I was building a simple web application using Struts. Struts is essentially based on a MVC pattern which clearly delineates your model from your controllers and your views. The whole idea is that the model should be reusable from application to application and it should matter is the view is a JSP page or a Swing GUI. Now, let me explain the situation I ran into.

At my place of work, we are using J2EE 1.3 (a little old, but it's beyond me to change that). With that, we're using Servlet 2.3 and JSP 1.2 - that means we don't have a lot of the bells and whistles available to us that we'd have if we went to JSP 2.0 (particularly, EL).

Now, I've written JSP's before and I know that it's a good idea to keep Java code out of the JSP's. It helps make your JSP files more readable, more maintainable, and it makes the transition to JSP 2.0 easier. Given that, and the fact that the tools I have available to me are somewhat rudimentary (compared to 2.0, that is), I need to make sure that the data available to my JSPs is easily displayed by my JSP.

Well, one of the easiet ways to display something in a JSP is to use a Java Bean.
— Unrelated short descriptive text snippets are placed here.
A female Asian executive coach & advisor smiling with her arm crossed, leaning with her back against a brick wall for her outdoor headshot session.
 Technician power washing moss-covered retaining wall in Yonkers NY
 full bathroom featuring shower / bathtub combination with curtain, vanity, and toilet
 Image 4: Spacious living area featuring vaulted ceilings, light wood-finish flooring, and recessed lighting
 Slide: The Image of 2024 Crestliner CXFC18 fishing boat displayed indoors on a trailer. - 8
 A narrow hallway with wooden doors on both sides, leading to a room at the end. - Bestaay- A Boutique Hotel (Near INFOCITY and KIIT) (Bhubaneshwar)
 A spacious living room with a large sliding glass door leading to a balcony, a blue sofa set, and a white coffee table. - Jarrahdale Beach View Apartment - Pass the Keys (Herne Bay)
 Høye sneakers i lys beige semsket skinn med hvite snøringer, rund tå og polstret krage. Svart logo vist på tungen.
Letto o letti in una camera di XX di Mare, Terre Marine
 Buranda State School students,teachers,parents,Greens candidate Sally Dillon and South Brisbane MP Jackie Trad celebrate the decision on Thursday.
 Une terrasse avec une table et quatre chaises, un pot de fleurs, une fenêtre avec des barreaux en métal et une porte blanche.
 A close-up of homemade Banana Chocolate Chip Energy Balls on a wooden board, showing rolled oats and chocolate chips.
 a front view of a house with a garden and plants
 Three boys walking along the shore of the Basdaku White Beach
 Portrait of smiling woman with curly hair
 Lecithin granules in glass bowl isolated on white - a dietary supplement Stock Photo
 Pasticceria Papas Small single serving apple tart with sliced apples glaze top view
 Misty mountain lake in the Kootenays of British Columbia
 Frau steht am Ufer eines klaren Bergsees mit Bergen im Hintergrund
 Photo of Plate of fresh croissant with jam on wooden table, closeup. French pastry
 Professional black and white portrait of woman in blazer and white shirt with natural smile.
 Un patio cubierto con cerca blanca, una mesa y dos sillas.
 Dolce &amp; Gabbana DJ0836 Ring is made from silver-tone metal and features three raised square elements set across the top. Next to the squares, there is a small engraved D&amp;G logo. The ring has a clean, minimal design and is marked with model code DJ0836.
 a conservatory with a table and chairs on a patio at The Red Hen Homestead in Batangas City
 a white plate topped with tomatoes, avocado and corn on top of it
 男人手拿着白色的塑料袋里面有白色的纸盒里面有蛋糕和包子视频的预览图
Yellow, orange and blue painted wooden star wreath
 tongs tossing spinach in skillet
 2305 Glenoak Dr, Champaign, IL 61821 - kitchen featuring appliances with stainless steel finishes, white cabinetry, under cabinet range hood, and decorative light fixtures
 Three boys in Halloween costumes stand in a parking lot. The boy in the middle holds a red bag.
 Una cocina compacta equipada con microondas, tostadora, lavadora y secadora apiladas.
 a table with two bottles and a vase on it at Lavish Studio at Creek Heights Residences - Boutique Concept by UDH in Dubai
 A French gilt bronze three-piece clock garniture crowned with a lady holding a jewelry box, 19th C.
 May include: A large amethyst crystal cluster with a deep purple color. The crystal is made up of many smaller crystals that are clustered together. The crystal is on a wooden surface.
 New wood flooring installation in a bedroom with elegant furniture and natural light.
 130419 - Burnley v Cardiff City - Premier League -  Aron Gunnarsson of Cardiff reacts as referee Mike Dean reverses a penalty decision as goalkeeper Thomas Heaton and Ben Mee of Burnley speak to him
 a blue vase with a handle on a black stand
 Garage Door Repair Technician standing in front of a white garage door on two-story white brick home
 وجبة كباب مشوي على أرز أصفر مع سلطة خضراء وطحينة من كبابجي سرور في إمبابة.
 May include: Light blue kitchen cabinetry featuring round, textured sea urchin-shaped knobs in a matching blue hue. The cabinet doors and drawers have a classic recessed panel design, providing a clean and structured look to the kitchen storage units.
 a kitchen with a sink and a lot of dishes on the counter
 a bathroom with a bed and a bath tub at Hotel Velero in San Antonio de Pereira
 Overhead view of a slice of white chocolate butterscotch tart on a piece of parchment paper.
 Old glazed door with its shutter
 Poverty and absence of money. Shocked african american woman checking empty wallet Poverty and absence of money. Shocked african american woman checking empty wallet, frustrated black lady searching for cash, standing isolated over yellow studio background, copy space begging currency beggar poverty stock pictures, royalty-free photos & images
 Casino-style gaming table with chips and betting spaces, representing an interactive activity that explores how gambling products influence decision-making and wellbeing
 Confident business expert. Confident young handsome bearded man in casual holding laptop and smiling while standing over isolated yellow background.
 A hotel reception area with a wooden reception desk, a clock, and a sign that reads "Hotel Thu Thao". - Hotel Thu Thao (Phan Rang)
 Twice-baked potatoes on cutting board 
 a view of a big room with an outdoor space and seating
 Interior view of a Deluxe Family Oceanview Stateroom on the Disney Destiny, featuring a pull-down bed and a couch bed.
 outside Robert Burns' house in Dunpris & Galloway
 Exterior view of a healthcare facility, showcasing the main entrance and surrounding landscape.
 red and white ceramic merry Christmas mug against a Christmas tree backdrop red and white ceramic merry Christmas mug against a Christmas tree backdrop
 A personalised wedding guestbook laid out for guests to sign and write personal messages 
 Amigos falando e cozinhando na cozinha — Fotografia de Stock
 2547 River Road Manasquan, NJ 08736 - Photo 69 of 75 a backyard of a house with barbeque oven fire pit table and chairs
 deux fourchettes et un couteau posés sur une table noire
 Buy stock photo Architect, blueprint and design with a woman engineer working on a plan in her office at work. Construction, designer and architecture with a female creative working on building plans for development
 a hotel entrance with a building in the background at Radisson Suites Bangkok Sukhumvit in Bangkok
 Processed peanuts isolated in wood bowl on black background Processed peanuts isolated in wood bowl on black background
You can use simple tags to do something like this:



(Forgive me if the syntax is a little off, I'm trying to write those tags from memory.)

Well that works great! I can get the information I need from the request and print it without using a single line of Java code in my JSP file. So what's the downside? Well, the object I'm pulling from the request needs to be a Java Bean.

So, here was my solution. I turned the model object that I was dealing with (where my business logic is) into a Java Bean. It really didn't hurt anything, but it was something that I did explicitly to make the view easier to deal with.

Was that the wrong thing to do? Was it the right thing to do? It didn't harm the functionality of the model at all, but I did explicitly modify the model to match the requirements of my view. What does everyone else think?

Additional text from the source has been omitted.